DARPA wants machine to suck all your blood out, other fun stuff

DARPA‘s budget for next year includes funding for all kinds of wild new medical technologies for military medicine, from electromagnetic tissue regeneration to a machine that can suck your blood out, clean it, and then fill you back up.

DARPA is making a major push to try to reduce battlefield casualties, and they’re pouring a lot of money into new technologies to help soldiers recover from injury. The blood-sucking machine is part of a ‘Dialysis-Like Therapeutics’ program designed to combat sepsis, which is caused by toxins in the blood. Basically, DARPA is looking for a system that can filter up to 5 liters of blood at a time, identifying and removing bacteria and viruses and poisons and other toxic stuff and then returning clean blood back into the body.

Also on the table are new autonomous diagnostic sensors that can detect both known and unknown diseases and come up with fast and effective treatments, and tissue regeneration technology that uses hordes of individually magnetized cells controlled by electromagnetic fields to encourage natural ‘scaffolding’ to promote the rapid healing of wounds.

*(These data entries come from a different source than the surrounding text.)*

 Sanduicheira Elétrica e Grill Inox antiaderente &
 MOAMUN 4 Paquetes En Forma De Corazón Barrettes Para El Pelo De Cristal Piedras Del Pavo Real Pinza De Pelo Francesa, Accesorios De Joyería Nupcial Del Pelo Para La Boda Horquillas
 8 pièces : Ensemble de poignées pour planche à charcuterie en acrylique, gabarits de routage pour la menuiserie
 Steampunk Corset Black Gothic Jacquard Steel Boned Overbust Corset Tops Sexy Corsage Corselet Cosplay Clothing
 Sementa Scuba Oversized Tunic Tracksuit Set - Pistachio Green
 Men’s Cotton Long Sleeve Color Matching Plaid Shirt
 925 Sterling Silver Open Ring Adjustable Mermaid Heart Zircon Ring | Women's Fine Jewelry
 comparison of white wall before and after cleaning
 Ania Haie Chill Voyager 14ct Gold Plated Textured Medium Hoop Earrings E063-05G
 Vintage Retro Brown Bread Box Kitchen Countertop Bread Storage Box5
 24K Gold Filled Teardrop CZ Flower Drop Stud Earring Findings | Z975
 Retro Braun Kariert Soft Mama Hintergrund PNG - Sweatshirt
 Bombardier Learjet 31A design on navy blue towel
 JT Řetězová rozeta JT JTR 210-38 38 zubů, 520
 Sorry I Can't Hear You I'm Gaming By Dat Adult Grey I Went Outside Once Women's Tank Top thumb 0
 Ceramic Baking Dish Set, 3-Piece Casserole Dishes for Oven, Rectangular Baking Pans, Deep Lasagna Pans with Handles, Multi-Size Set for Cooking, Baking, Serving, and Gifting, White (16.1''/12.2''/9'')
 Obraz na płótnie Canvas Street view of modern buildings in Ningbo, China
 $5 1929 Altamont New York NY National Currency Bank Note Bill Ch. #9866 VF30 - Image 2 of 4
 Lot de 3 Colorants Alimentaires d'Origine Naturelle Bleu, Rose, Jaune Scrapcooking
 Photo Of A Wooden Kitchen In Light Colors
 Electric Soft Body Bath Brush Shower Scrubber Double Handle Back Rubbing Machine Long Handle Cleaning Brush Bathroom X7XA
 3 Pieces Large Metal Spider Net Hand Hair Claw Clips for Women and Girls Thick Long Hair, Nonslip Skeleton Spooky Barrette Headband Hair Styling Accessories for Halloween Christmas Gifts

One other exciting little nugget that somehow falls under the medical category for DARPA is the creation of artificial eyes that see as well as the biological eyes of animals. From the sound of things, the end result of the Neovision2 program will be little electronic eyeballs that can learn and recognize objects as quickly as we can, that can be tossed into dangerous situations and report back what they see. Plus, throwing disembodied eyeballs around just generally sounds like a good idea and a lot of fun!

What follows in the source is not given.